(Stored items)
☆ ☆ ☆ ☆
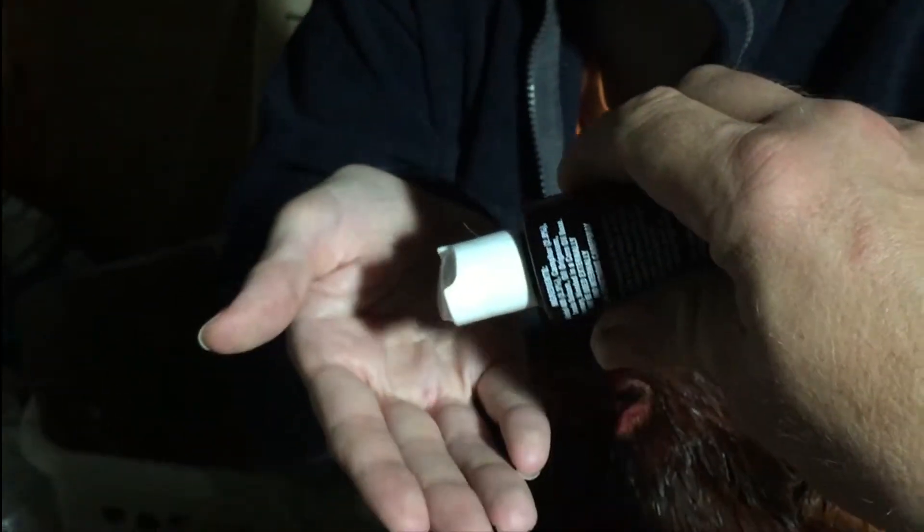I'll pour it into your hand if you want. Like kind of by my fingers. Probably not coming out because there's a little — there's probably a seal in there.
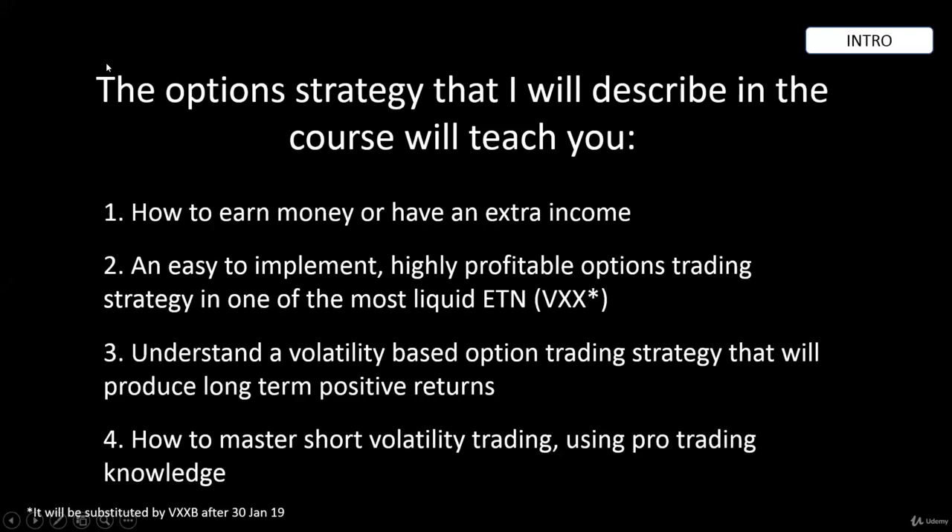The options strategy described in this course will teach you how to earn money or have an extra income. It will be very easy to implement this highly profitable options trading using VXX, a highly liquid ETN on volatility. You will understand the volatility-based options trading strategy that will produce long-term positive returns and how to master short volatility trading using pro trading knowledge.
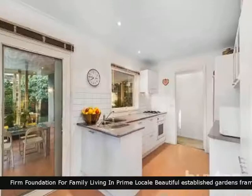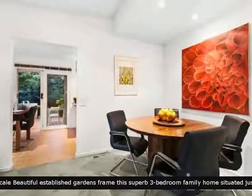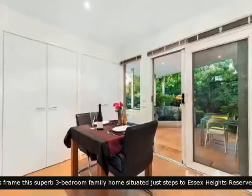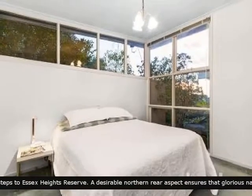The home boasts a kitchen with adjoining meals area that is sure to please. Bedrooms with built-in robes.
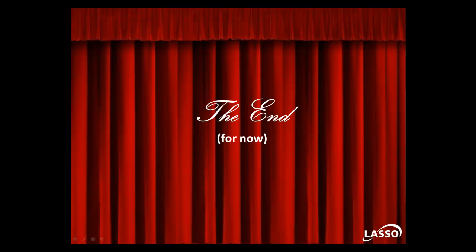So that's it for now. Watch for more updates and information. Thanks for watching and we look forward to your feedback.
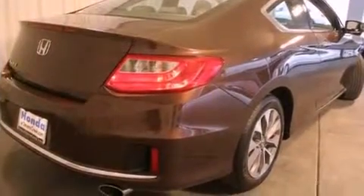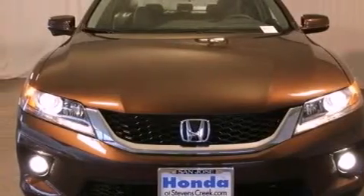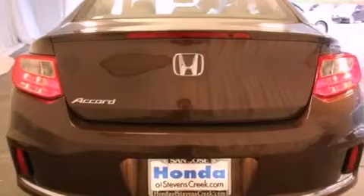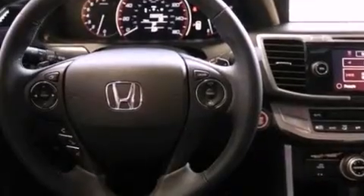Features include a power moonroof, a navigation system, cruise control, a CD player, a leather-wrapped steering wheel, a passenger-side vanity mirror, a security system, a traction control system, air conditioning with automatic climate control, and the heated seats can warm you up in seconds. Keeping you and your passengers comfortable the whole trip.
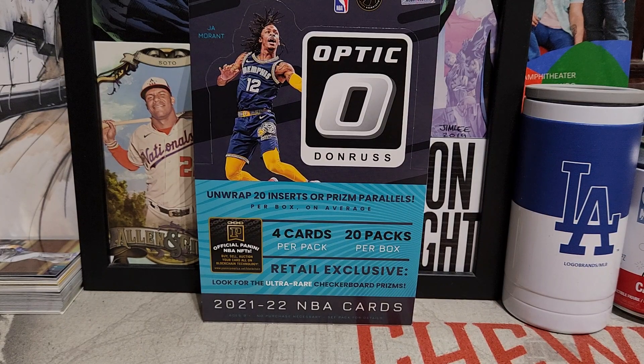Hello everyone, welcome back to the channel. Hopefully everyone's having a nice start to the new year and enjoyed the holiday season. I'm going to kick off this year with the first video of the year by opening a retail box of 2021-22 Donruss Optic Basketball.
☆ ☆ ☆ ☆
EXERCISE INSTRUCTIONS =>
Write out again exactly the lines from the start of the data above through the line containing "The options strategy", inclusive, excluding any pictures.

SOLUTION TO THIS PROBLEM =>
I'll pour it into your hand if you want. Like kind of by my fingers. Probably not coming out because there's a little — there's probably a seal in there.
The options strategy described in this course will teach you how to earn money or have an extra income. It will be very easy to implement this highly profitable options trading using VXX, a highly liquid ETN on volatility. You will understand the volatility-based options trading strategy that will produce long-term positive returns and how to master short volatility trading using pro trading knowledge.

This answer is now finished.